30/07/2026
Étape 2 - Les Mille étangs.
Quatre sangliers sont installés à table sur une modeste terrasse au sommet du col des croix. À l’ombre d’un parasol, chacun compte une Kronembourg devant lui. Bon, cela ne constitue pas la réconfort parfait, mais c’est toujours ça de pris. Un grand sage a dit un jour « moi, je ne bois jamais d’eau tout de suite après une sortie. La première gorgée, il faut que ce soit de la bière. C’est la meilleure. » La peau collante, les cheveux trempés et l’odeur pestiférante témoigne de la difficulté de l’effort que ces suidés viennent de livrer. Ce « long faux plat », était aussi interminable qu’usant. Une répétition de côtes, très peu de descentes, des virages dans tous les sens, une chaleur étouffante. Les mille étangs, c’était bien plus qu’une mise en jambes.

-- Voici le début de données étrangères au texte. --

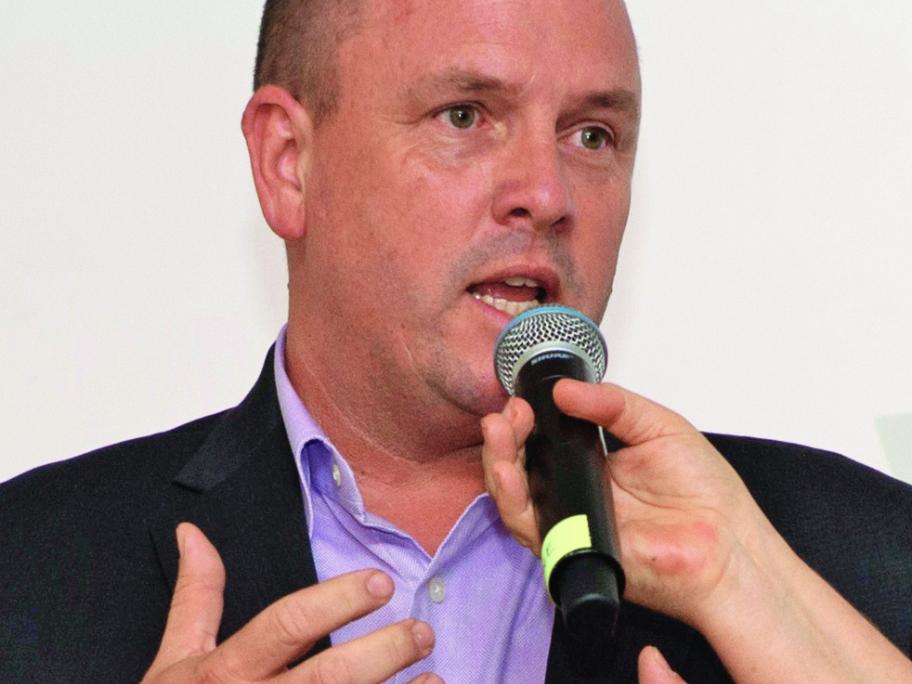 Dr Simon Judkins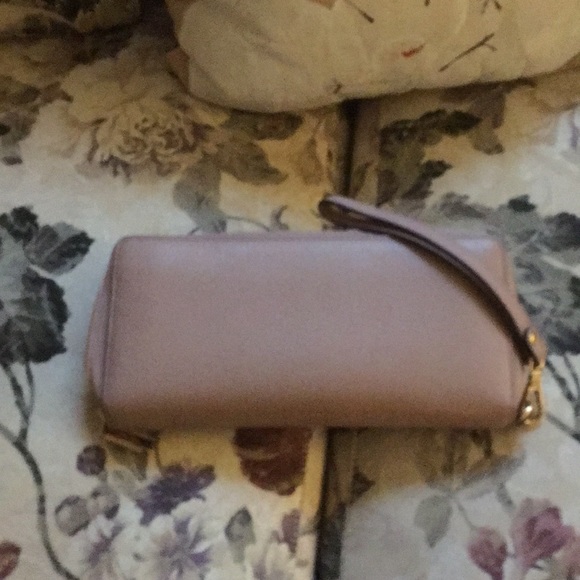 Used Michael Kors wallet/ wristlet. - Picture 4 of 5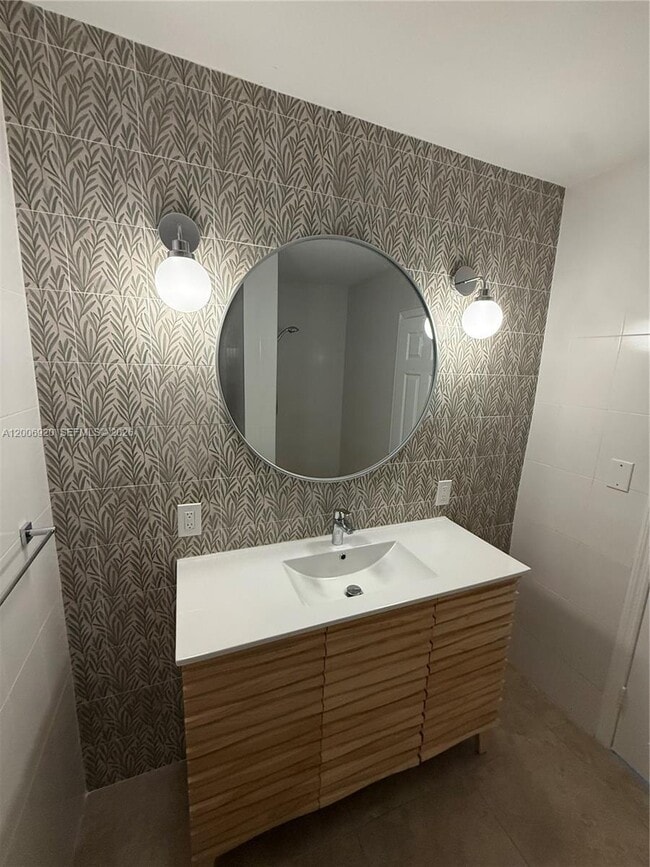 Photo - 2816 Pine Tree Dr Unidad 2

Ces 4 🐗 se suivent d’ailleurs au classement. 8, 9, 10 et 12. Beau tir groupé au sein du sub-top. Johan se classe dernier du groupe de tête, après une jolie tentative en fin de parcours, et surtout après s’être arraché pour accrocher les leaders dans la dernière difficulté du jour. Adri prouve qu’on peut être mauvais et exceptionnel en une journée. Il arrive 9e en solitaire. Dieg arrive seul également, et complète le top 10. Le Tuuut, après une belle rencontre avec son nouveau Coppin Georges , termine 12e. Derrière, c’est (beaucoup) + compliqué pour Ouist qui, après avoir sauté dans une descente, arrive fumé comme un saumon, les yeux défoncés par les graminées. Augu s’est offert une étape de récupération en inondant Basile Houriez de ses projets fous pour l’étape 4 (affaire à suivre).
L’étape avait commencé sur des chapeaux de roues, notamment avec un fictif endiablé à plus de 40km/h.. « Calme hein, les gars », rappelait déjà notre leader. Tuuut usait du même vocabulaire en bas de certaines descentes un peu trop soutenues. Et force est de constater qu’il sait de quoi il parle.
Défoncés, le retour au logement est un calvaire, sauf pour Ouistiti, rôti, qui se barre en schmet avec une camio de l’orga (merci Adelin). L’heure est au repos. Il faut l’avouer, les sangliers l’auront jouée calme. Une petite 🍺 et au dodo. Le menu de dmn est corsé.